_Activity_. Copy nothing but the lines below running from the line containing "Floral Bracelet Compatible" through the line containing "Water resistant, faux", both end lines included.

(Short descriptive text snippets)
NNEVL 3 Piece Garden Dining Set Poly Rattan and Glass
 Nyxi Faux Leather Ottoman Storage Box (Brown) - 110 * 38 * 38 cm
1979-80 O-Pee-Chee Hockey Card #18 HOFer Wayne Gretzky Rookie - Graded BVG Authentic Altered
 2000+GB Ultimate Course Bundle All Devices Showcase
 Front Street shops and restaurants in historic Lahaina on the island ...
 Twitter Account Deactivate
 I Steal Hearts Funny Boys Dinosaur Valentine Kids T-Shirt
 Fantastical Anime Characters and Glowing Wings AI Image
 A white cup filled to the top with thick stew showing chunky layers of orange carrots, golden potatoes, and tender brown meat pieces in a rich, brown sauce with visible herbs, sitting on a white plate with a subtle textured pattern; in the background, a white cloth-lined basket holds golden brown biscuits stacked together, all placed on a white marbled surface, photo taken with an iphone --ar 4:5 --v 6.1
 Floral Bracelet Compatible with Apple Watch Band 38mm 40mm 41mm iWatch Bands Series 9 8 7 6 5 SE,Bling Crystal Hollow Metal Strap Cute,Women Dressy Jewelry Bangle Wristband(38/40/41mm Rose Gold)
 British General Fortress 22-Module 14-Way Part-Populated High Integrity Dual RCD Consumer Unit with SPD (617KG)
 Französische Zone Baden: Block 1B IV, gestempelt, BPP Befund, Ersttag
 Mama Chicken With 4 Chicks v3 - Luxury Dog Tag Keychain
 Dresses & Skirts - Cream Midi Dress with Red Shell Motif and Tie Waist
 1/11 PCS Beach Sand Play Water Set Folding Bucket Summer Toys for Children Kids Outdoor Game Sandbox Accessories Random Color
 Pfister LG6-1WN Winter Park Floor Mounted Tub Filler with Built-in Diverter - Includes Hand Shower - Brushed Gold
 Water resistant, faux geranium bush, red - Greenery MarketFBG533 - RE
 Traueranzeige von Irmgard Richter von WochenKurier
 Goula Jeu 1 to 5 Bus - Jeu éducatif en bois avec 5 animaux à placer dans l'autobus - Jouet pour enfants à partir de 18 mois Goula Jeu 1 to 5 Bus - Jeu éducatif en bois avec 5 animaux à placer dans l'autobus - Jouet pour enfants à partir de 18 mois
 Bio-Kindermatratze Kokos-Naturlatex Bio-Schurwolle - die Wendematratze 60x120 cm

_Answer section_.
 Floral Bracelet Compatible with Apple Watch Band 38mm 40mm 41mm iWatch Bands Series 9 8 7 6 5 SE,Bling Crystal Hollow Metal Strap Cute,Women Dressy Jewelry Bangle Wristband(38/40/41mm Rose Gold)
 British General Fortress 22-Module 14-Way Part-Populated High Integrity Dual RCD Consumer Unit with SPD (617KG)
 Französische Zone Baden: Block 1B IV, gestempelt, BPP Befund, Ersttag
 Mama Chicken With 4 Chicks v3 - Luxury Dog Tag Keychain
 Dresses & Skirts - Cream Midi Dress with Red Shell Motif and Tie Waist
 1/11 PCS Beach Sand Play Water Set Folding Bucket Summer Toys for Children Kids Outdoor Game Sandbox Accessories Random Color
 Pfister LG6-1WN Winter Park Floor Mounted Tub Filler with Built-in Diverter - Includes Hand Shower - Brushed Gold
 Water resistant, faux geranium bush, red - Greenery MarketFBG533 - RE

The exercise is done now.